Vous pouvez ouvrir une position indifféremment en achetant ou en vendant un contrat à terme. Si à la clôture de la position ou au plus tard à la date d’échéance, le prix du support du contrat est supérieur au prix spécifié à la conclusion du contrat, l’acheteur du contrat réalise un profit et le vendeur du contrat subit une perte. Et inversement.
Harouna Traoré aurait pu perdre entre 100 et 200 millions d’euros si le marché avait baissé de l’ordre de 3% à 4%, explique Tarek Elmarhri, fondateur de Krechendo Trading,une trading arcade présente en France basée sur le modèle des salles de marché londoniennes.
Dans un document transmis à la justice qu’a pu obtenir Reuters, Harouna Traoré indique avoir commencé le 29 juin au matin à trader chez Krechendo. Aux alentours de midi, il clôture ses positions et décide de rentrer chez lui afin de s’entraîner sur une version en simulation de la plateforme de trading X Trader de Valbury avant de réaliser que ses ordres, et sa perte de plus d’un million d’euros sur cette plateforme, étaient bien réels.
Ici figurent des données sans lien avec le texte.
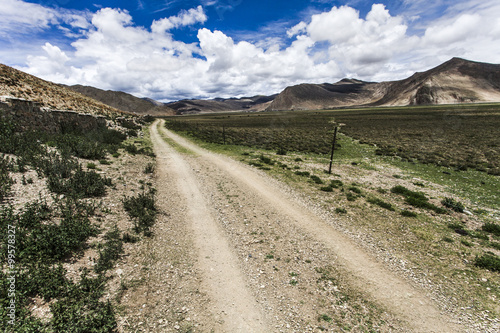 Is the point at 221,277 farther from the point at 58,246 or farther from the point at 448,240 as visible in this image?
the point at 448,240

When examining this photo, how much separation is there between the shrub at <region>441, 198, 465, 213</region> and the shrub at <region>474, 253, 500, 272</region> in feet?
19.4

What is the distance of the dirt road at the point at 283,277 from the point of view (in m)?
6.07

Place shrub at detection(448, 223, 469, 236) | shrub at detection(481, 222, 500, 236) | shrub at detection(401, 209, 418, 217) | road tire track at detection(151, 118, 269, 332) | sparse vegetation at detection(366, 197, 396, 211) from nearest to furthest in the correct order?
road tire track at detection(151, 118, 269, 332) < shrub at detection(448, 223, 469, 236) < shrub at detection(481, 222, 500, 236) < shrub at detection(401, 209, 418, 217) < sparse vegetation at detection(366, 197, 396, 211)

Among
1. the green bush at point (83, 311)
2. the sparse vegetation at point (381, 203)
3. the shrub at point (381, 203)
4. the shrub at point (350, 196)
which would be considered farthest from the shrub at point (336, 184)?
the green bush at point (83, 311)

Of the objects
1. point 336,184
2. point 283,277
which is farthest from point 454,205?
point 283,277

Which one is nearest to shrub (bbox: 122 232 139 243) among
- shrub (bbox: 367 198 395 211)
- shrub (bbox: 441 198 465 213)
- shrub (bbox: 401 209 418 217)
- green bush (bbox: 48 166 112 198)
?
green bush (bbox: 48 166 112 198)

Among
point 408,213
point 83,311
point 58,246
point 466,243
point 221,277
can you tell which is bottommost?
point 466,243

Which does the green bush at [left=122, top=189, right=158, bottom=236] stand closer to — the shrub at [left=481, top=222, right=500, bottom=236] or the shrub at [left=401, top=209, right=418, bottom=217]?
the shrub at [left=401, top=209, right=418, bottom=217]

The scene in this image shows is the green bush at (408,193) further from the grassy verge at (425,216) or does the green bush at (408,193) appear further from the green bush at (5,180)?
the green bush at (5,180)

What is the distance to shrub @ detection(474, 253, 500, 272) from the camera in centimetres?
830

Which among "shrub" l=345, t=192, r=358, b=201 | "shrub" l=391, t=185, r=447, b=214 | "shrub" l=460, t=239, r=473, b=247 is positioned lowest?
"shrub" l=460, t=239, r=473, b=247

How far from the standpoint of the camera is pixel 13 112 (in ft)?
51.0

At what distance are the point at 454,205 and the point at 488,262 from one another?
7398mm

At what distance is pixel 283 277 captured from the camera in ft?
25.2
Il décide de continuer à trader dans ce qui s’est avéré être une tentative réussie pour combler ses pertes. Avant la clôture de l’indice européen à 17h30, son compte affichait une perte de 2,4 millions d’euros. A la fin de la journée, un retournement du marché lui permet de finir sur un gain de 13,6 millions de dollars. Son solde créditeur est alors de près de 11 millions de dollars.
En juillet, le courtier Valbury indique à Harouna Traoré avoir ouvert une « enquête officielle » et gelé son compte. Le broker conclut que le trader a agi en violation du contrat qui les lie, annule les transactions et gèle le versement des gains réalisés par Harouna Traoré lors de sa folle journée de trading.
Le 10 janvier 2018, le trader français a assigné en justice Valbury devant le Tribunal de grande instance de Pontoise pour récupérer ses gains.
« Un nouveau Kerviel »
Le montant substantiel de contrats négociés par Harouna Traoré, plusieurs milliers sur les contrats futures, est démesuré par rapport au nombre d’ordres qu’est habituellement autorisé à passer quotidiennement un trader, ce qui interroge sur l’absence d’alertes et la gestion du risque dans l’industrie financière dix ans après le scandale Kerviel.
Selon Tarek Elmarhri, c’est parce que Harouna Traoré est parvenu à finir sur un gain et qu’il a clos ses positions avant la clôture du marché — ce qui n’a pas déclenché d’appels de marge — que son trading est passé inaperçu jusqu’au lundi.
« Cela pourrait se reproduire encore, la réglementation actuelle n’est pas efficace », prévient Tarek Elmarhri évoquant la mise en oeuvre de MiFid II en début d’année. « On pourrait avoir un nouveau Jérôme Kerviel comme on pourrait avoir un nouveau trader fou ».
La FCA, l’autorité britannique de régulation financière, n’a pas souhaité faire de commentaires, tandis que l’AMF a indiqué qu’elle ne commentait pas les dossiers particuliers.
Selon son profil LinkedIn, Harouna Traoré a travaillé de 2013 à 2017 pour Thomson Reuters, la maison mère de Reuters.